- Aim of the task
Look through the entries below and report every line that has "with".

- Provided records
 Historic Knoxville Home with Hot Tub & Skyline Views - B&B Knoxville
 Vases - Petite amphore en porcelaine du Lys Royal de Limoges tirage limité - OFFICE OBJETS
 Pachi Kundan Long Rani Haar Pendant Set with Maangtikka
==
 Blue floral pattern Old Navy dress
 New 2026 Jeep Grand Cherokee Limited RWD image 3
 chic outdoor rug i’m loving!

- Response for this exercise
 Historic Knoxville Home with Hot Tub & Skyline Views - B&B Knoxville
 Pachi Kundan Long Rani Haar Pendant Set with Maangtikka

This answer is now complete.